The most interesting part of Golden Globes is the nominations for the “minor” awards. Of course, lots of the TV series don’t make their way overseas, or get picked up by satellite channels that slash their audiences from the network figures they would get in their home countries.

Michael Douglas brandishes his Golden Globe for Behind the Candelabra. EPA/Paul Buck

Given the deep divisions between different countries’ taste in comedy, it’s probably better imagining some of these shows than watching them.

But then again, Chiwetel Ejiofor, who lost out for his starring film role in 12 Years a Slave, did pick up another nomination for his role in a BBC mini-series (the one Jacqueline Bissett got her gong for, though you might have forgotten during her now-viral acceptance speech).

Idris Elba also missed out on his feature, Mandela: Long Walk to Freedom, despite the fortuitous timing, but also got nominated for another BBC drama, Luther. Helena Bonham-Carter (Burton and Taylor) got another BBC nom too.

That’s up against a raft of well-received US shows from HBO (Mamet’s Phil Spector), Showtime, Fox and needless to say Sony, whose final season(s) of Breaking Bad very nearly lived up to the season 4 finale.

Our household was delighted to see the moody feminism of Top of the Lake get best actress, but probably the most intriguing win was for House of Cards, not because it’s a remake of yet another BBC property but because it was produced and released exclusively through Netflix, the Amazon of online video.

You can understand the relative narrowness of the TV choices. Broadcasters rarely risk a subtitle (with the honorable exception of specialist slots on SBS and the BBC – sorry they’re featuring more than expected in this column, and I didn’t even mention they co-produced Campion’s Kiwi drama). But surely the cinema is less parochial?

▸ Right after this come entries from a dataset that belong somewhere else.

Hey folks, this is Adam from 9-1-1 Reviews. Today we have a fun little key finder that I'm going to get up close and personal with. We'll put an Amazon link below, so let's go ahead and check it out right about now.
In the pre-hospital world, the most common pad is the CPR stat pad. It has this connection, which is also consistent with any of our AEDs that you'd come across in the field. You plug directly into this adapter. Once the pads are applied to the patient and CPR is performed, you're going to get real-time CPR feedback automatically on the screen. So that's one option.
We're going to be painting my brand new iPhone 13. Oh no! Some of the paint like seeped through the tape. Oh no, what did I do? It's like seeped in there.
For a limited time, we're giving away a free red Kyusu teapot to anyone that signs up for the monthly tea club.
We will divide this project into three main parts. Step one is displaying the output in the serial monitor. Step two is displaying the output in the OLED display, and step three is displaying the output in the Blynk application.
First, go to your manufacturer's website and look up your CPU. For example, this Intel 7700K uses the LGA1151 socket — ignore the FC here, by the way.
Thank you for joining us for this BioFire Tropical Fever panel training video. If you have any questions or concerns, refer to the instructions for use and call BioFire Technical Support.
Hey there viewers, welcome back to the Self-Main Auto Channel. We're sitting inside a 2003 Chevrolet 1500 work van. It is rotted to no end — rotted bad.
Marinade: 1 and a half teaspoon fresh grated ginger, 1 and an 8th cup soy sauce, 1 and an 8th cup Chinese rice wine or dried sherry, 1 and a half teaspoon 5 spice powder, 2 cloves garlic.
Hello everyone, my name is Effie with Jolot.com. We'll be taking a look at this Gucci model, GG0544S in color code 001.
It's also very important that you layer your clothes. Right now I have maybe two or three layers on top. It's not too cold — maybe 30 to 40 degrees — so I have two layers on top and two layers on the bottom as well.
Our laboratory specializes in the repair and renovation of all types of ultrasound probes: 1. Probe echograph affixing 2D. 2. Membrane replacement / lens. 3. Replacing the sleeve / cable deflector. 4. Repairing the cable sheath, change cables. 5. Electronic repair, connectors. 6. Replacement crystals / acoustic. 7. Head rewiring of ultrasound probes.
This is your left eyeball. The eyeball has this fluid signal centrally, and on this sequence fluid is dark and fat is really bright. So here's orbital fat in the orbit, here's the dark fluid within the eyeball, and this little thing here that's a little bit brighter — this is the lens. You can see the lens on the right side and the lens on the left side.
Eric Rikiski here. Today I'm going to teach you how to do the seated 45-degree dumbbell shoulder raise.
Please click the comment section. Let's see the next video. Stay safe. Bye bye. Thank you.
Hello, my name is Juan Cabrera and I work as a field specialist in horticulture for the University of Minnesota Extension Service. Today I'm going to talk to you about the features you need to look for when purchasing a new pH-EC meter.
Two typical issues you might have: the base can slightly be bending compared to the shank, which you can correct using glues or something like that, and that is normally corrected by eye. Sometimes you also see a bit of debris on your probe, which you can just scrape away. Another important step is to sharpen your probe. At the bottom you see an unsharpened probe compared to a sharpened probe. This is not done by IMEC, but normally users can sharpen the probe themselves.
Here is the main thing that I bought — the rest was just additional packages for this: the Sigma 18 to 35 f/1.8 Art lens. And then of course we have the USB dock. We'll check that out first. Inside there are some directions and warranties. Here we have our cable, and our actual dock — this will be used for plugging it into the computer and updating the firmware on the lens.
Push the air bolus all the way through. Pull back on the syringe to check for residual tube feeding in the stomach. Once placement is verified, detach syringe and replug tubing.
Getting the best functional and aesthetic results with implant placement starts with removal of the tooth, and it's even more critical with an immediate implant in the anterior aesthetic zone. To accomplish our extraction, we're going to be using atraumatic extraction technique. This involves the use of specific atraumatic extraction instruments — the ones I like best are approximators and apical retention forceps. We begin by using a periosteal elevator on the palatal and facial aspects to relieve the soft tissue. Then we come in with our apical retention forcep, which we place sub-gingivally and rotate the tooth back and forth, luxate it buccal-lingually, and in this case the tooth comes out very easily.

Given half the nominated films haven’t opened where I live, I could be out of order here, but my best film of the last year was La Grande Bellezza, which got the Foreign Language prize.

Otherwise, barring the dialogue-free The Artist, only La Vie en Rose, the biopic about Edith Piaf, has ever broken the English-only barrier over the 30 years the Globes have been running.

A cynic might say the only time the Globes have lived up to Liberace/Michael Douglas’ line “I have an eye for new and refreshing talent” was the year they gave Pia Zadora best Newcomer.

And a worse one might say that the night might be Golden enough, but the art it celebrates is really only a hemisphere.